START Data provided

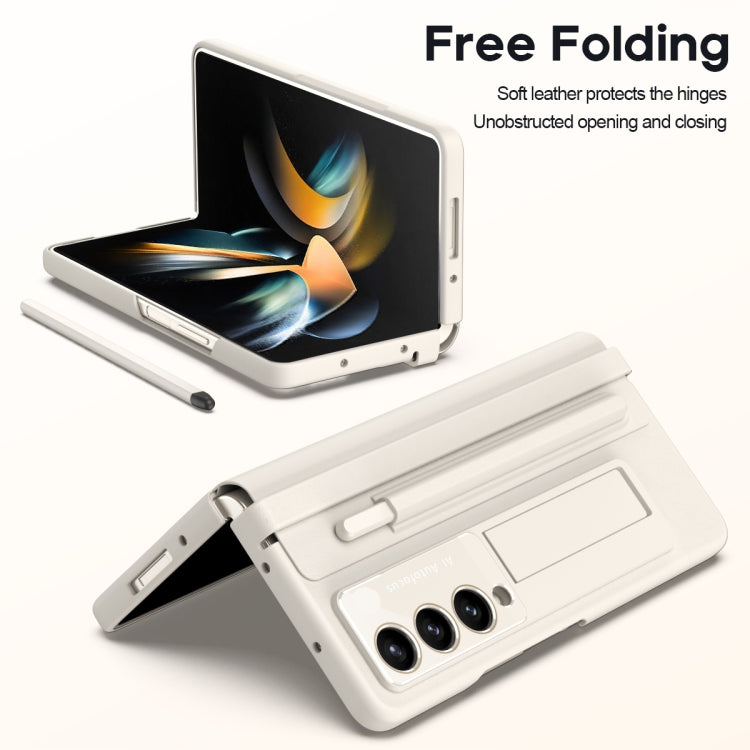 For Samsung Galaxy Z Fold4 5G Integrated PU + PC Full Coverage Phone Case with Pen/Pen Slots(White) - Galaxy Z Fold4 5G Cases by buy2fix | Online Shopping UK | buy2fix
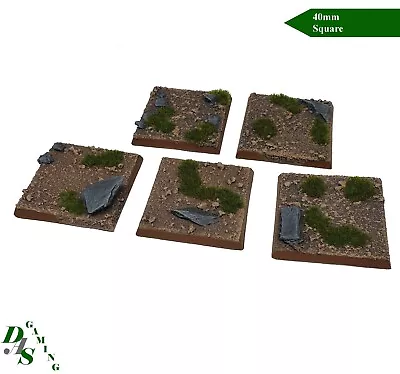 40mm Square Resin Scenic Bases Dirt/Grass Plains Warhammer Wargames • £8.79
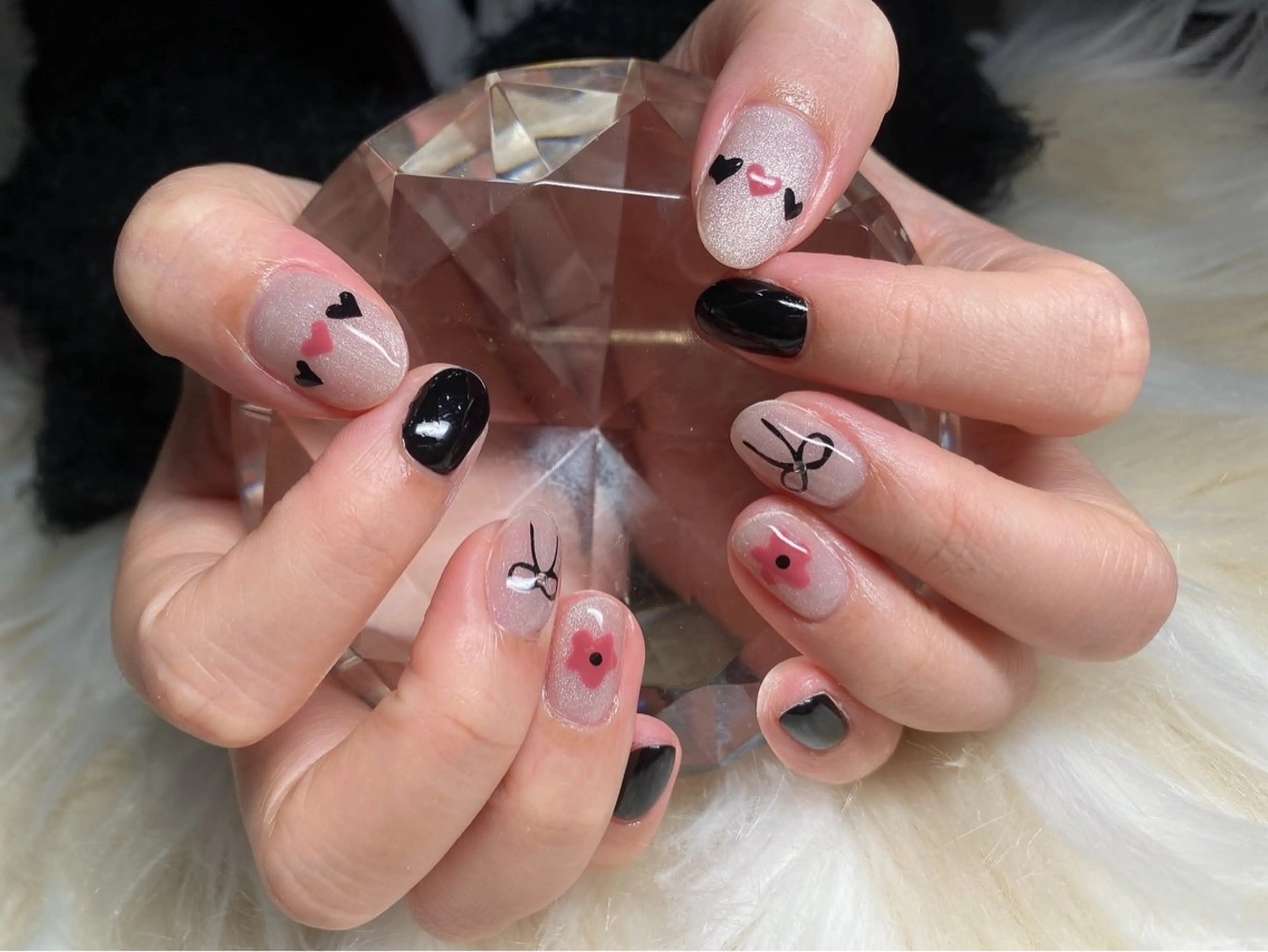 ネイル 長さ出し フレンチネイル ジェルネイル グラデーション ハート ハンドネイル Nail&eye Belire 新宿のネイルデザイン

END Data provided

§ About this exercise: Output all of the listing above, exactly as given, but without its pictures.

§ Written answer:
 For Samsung Galaxy Z Fold4 5G Integrated PU + PC Full Coverage Phone Case with Pen/Pen Slots(White) - Galaxy Z Fold4 5G Cases by buy2fix | Online Shopping UK | buy2fix
 40mm Square Resin Scenic Bases Dirt/Grass Plains Warhammer Wargames • £8.79
 ネイル 長さ出し フレンチネイル ジェルネイル グラデーション ハート ハンドネイル Nail&eye Belire 新宿のネイルデザイン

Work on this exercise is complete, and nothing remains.